RKUHP yang dibahas DPR saat ini masih banyak pasalnya yang bertentangan dengan Pembukaan UUD 1945 serta Pancasila. Seperti contoh kritik terhadap Presiden, DPR dan Polri dianggap menghina sehingga dijadikan pidana, belum lagi pasal-pasal lainnya.
Kalau kritik dianggap sebagai penghinaan, lalu kenapa Capres dan Caleg memberikan sembako dan uang untuk mendapatkan suara rakyat pada saat Pemilu?
Sepertinya DPR tidak mampu untuk memperbaiki RKUHP yang sudah ada sesuai dengan semangat Pembukaan UUD 45 serta Pancasila.
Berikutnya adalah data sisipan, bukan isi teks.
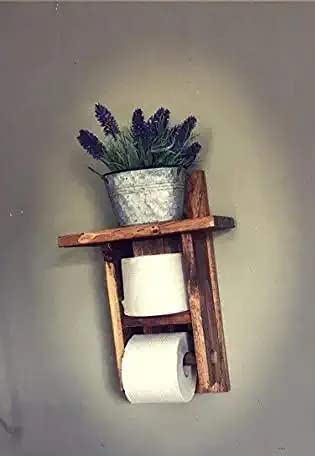 VM DECOR Wooden Toilet Paper Holder in | Bathroom Toilet Paper roll Holder 1 Toilet Paper roll Hanger Wooden Brown Wall Toilet Roll Holder Rustic Solid Wood Paper Holder Rosewood Natural Teak - Image 1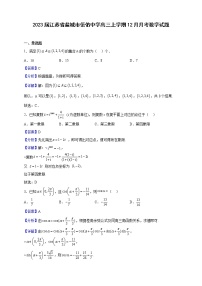 2023届江苏省盐城市伍佑中学高三上学期12月月考数学试题（解析版）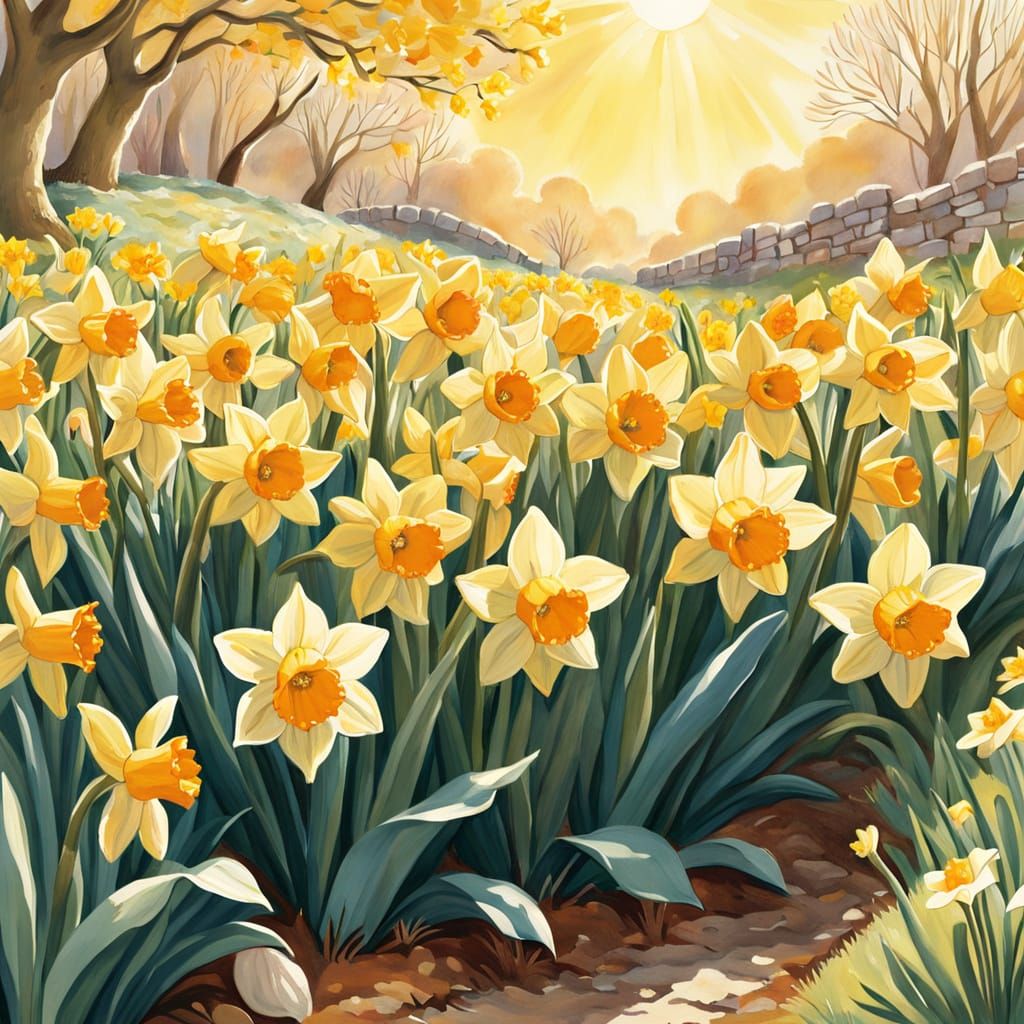 Whimsical Daffodil Garden in Warm Golden Light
Kalau memaksakan pengesahan RKUHP yang hanya menyulitkan dan membuat rakyat sengsara, sebaiknya rakyat tidak usah memberikan suaranya pada Pemilu 2024.
Kalau toh suara yang diberikan kepada Presiden dan para Caleg dijadikan sebagai alat untuk menyengsarakan rakyat melalui produk-produk hukum yang disahkan DPR dan Pemerintah.
Seperti UU IKN yang baru disahkan sudah mau direvisi, lalu bagaimana pertanggung jawaban DPR terhadap rakyat yang terkena pidana karena IKN? Demikian juga dengan UU Cipta Kerja yang sampai saat ini masih bermasalah. Kesalahan DPR dalam mengeluarkan produk hukum akan menyengsarakan rakyat.
Sampai kapan DPR mengorbankan rakyat dengan produk hukum yang amburadul hanya karena uang intensif?